Le canton de Fribourg dispose avec le Pool Insertion+ d'un dispositif innovant pour lutter contre le chômage de longue durée. Le PI+ s'adresse aux demandeurs d'emploi qui n'ont pas droit aux indemnités de chômage ou sont en fin de droit, qui bénéficient ou ont bénéficié de prestations de l'aide sociale au cours des douze derniers mois et sont motivés à retrouver un emploi. L’accompagnement proposé par le PI+ est assuré par un tandem composé d'un conseiller en placement et d'un travailleur social. Il inclut un coaching intensif d’une durée maximale de neuf mois (conseil personnalisé) ainsi que l'octroi coordonné de mesures d'insertion sociale (MIS) et de mesures d’insertion professionnelle (contrats LEMT – loi sur l'emploi et le marché du travail). Le bilan au bout de cinq ans d’existence est positif, puisqu’une solution d'insertion a pu être trouvée pour plus de 45 % des personnes suivies.

Forjad pour les jeunes bénéficiaires de l’aide sociale

En vue d'orienter systématiquement les jeunes bénéficiaires de l'aide sociale âgés de 18 à 25 ans sans qualification vers une formation professionnelle et le système des bourses d'études, le gouvernement vaudois a lancé en 2006 le projet-pilote « FORJAD » (formation professionnelle pour jeunes adultes en difficulté).
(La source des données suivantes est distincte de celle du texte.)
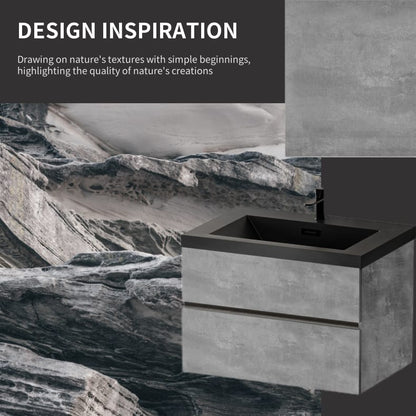 30 Inch Grey Floating Bathroom Vanity with Quartz Sand Sink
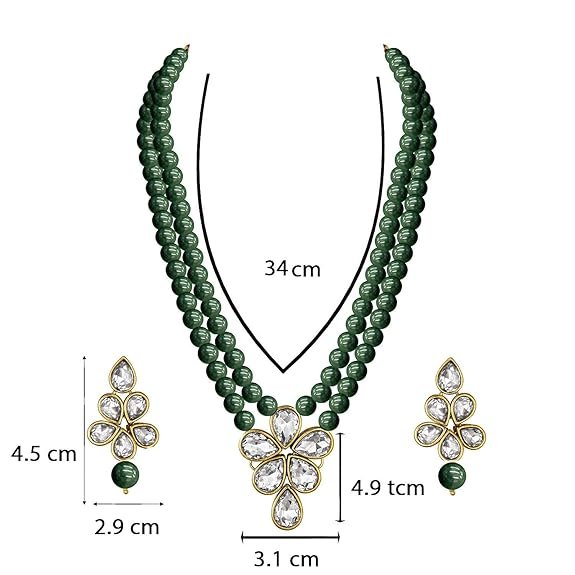 I Jewels Gold Plated Traditional Kundan & Pearl Studded Necklace Jewellery Set For Women (ML311)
À la lumière des résultats encourageants, le gouvernement a décidé de pérenniser le programme en 2009. Le canton de Vaud a développé en 2012 le programme « FORMAD » et l'a étendu au groupe cible des adultes dès 25 ans. Contrairement à « FORJAD », l'accent est mis à la fois sur les formations professionnelles classiques et sur des formations pratiques plus courtes et certifiées avec validation des acquis.